Lessons in Peacemaking – The Other

# Below is part two of a three-part series regarding my experiences and observations working for peace in the Holy land.


In the evenings, while in Bethlehem, I would go out for dinner with my Palestinian colleagues and discuss branding and marketing concepts and strategies. We would also have long discussions about the history of the conflict, the current political challenges and the overall sense of hopelessness experienced by the Palestinian people. I spent more than a few sleepless nights and anxious days thinking about the pain and suffering all around me… so foreign to my secure and privileged Midwest and now Rocky Mountain lifestyle. How did they get here and what can be done??
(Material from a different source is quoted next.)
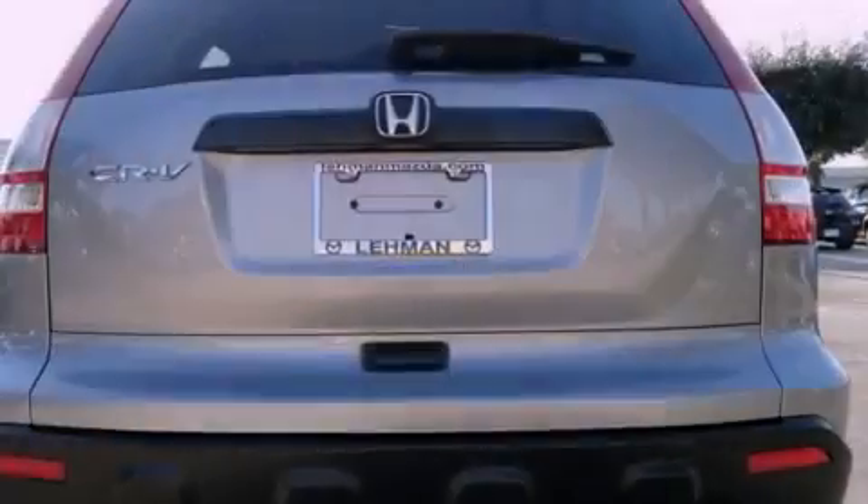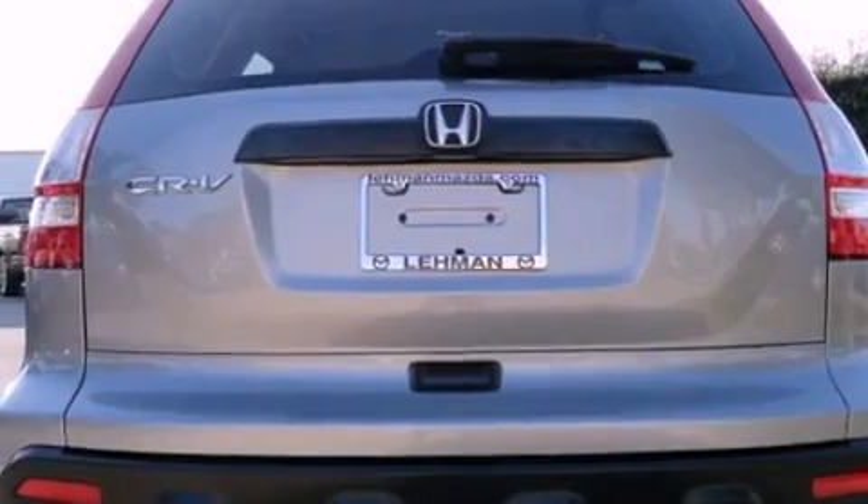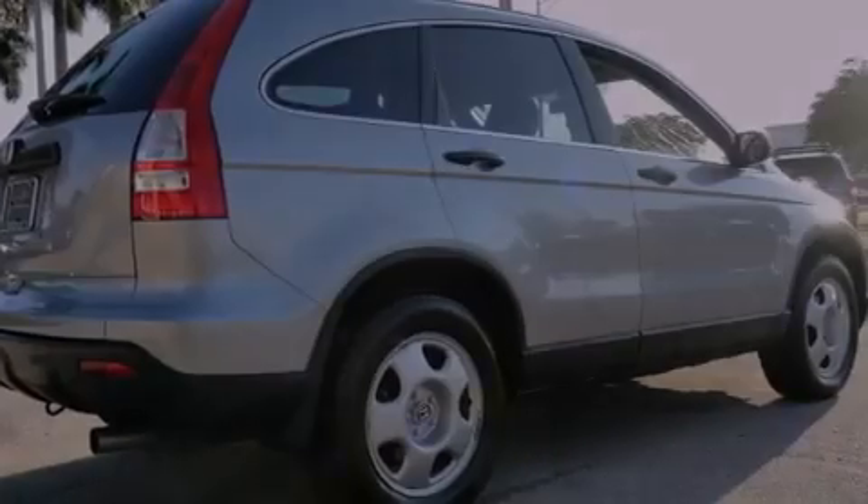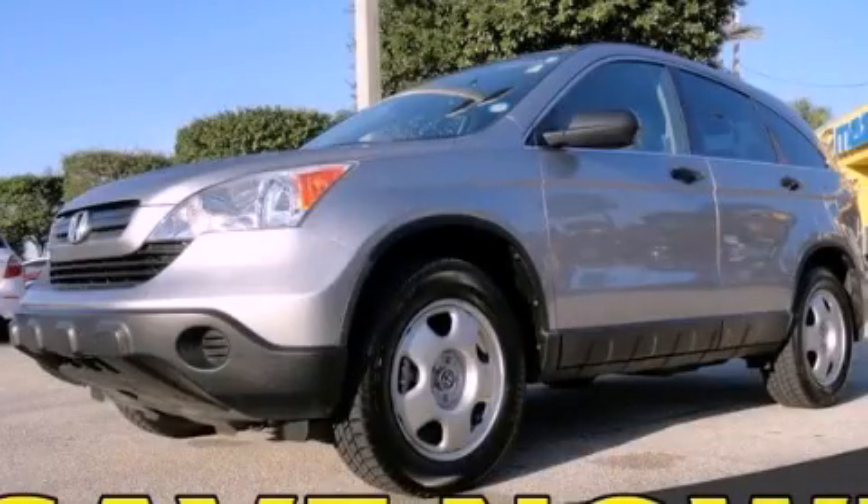With an EPA estimated rating of 27 miles per gallon on the highway, this automobile does not compromise its fuel efficiency for size, comfort, or fun. Stop by today and test drive this vehicle for yourself.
It seems to me the reason for this conflict, and pretty much all others is our innate tendency as humans to group people not like us, in the category of “The Other”. The Other, are people who are “different”, who don’t look like us, act like us, dress like us, or believe like us. It is the negative perception of “The Other” that I believe is the root of most if not all conflict. 


When we begin to fear the other, it can lead to apathy, discrimination, racism, and dehumanization. When this takes hold in societies it leads to the villainization and suspicion of the other, which ultimately leads to apartheid, war, slavery, genocide, and events like the Holocaust in Nazi Germany or the genocide of Muslims in Bosnia during the 1990s.

From a neuroscience perspective, this is an inherent human behavior. We naturally want to categorize stuff in our minds. There is nothing wrong with this. In fact, it’s needed and beneficial in helping us cognitively understand the world around us, to know what to act on, and what not to. What to fear, and what’s harmless. It’s ok to eat those fresh blueberries in the fridge but not the 10-day old sushi. The danger of this naturally dualistic thinking is when we start sorting people in a way that makes them less than us. We fail to empathize with them. We see them as less enlightened, less intelligent… foreign. We begin to suspect their motives, or worse yet, see them as dangerous. Once we see the other as dangerous to us, our families, our communities, our way of life, and our beliefs, we begin to fear them and fear leads to all kinds of bad mojo. 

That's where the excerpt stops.